WHAT THIS TASK INVOLVES –
Every line of the entries below from the one containing "Square Aluminum Sheet FIND-WH0199-400F-1" to the one containing "Reflective Dog Collar", both ends included, must be written out exactly. No other line belongs in the answer.

EXTRACTED DATA –
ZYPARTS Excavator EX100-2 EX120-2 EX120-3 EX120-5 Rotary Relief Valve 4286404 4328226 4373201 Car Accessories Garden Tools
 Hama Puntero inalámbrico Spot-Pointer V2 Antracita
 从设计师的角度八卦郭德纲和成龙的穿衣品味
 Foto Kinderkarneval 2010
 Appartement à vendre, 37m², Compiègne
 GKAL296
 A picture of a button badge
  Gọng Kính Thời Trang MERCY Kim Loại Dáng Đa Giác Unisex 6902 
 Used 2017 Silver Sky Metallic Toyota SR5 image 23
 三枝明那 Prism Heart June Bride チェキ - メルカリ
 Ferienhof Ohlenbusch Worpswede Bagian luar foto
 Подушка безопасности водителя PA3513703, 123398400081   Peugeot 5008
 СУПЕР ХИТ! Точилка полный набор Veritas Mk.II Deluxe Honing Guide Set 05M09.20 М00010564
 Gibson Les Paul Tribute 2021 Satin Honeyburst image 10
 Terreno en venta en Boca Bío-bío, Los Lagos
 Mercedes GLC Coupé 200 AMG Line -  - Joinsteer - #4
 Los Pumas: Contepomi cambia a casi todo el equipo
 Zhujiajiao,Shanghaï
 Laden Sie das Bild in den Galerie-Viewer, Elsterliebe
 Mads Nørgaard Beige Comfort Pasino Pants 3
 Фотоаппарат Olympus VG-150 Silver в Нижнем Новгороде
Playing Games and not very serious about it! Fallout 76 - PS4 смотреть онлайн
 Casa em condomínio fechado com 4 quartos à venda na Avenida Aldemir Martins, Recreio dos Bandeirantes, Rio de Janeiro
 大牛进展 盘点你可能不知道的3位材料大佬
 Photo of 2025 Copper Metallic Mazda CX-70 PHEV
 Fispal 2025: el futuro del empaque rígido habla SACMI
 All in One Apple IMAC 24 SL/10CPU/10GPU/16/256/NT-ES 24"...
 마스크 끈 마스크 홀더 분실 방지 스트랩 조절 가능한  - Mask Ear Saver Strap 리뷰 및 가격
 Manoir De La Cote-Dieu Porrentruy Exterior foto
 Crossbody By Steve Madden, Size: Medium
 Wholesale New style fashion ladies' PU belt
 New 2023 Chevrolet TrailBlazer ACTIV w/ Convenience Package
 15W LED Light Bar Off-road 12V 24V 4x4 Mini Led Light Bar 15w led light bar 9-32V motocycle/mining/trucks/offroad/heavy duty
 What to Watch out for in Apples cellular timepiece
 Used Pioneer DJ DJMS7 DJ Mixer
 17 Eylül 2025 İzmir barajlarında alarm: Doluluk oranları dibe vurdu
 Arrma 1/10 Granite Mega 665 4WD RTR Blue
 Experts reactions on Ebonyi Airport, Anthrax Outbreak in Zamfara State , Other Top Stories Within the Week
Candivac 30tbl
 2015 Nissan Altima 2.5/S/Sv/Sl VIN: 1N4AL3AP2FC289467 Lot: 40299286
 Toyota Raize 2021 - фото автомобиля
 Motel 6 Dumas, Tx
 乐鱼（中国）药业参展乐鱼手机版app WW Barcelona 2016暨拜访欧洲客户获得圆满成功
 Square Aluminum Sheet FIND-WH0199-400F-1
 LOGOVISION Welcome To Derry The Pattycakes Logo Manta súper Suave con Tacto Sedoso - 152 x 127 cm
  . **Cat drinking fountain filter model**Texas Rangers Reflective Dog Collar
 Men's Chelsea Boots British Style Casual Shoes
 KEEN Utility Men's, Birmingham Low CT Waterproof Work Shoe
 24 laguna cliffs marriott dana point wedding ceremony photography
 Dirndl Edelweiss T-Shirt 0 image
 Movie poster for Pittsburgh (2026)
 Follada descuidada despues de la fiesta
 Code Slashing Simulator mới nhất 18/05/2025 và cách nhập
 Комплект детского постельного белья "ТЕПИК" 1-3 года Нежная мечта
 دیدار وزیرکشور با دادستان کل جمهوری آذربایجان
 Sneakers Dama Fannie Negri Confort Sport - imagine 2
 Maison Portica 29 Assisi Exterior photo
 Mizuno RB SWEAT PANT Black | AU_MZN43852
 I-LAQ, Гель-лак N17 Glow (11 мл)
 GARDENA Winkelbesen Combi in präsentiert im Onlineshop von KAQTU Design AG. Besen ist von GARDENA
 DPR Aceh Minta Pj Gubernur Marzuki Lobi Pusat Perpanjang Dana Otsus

YOUR RESPONSE –
 Square Aluminum Sheet FIND-WH0199-400F-1
 LOGOVISION Welcome To Derry The Pattycakes Logo Manta súper Suave con Tacto Sedoso - 152 x 127 cm
  . **Cat drinking fountain filter model**Texas Rangers Reflective Dog Collar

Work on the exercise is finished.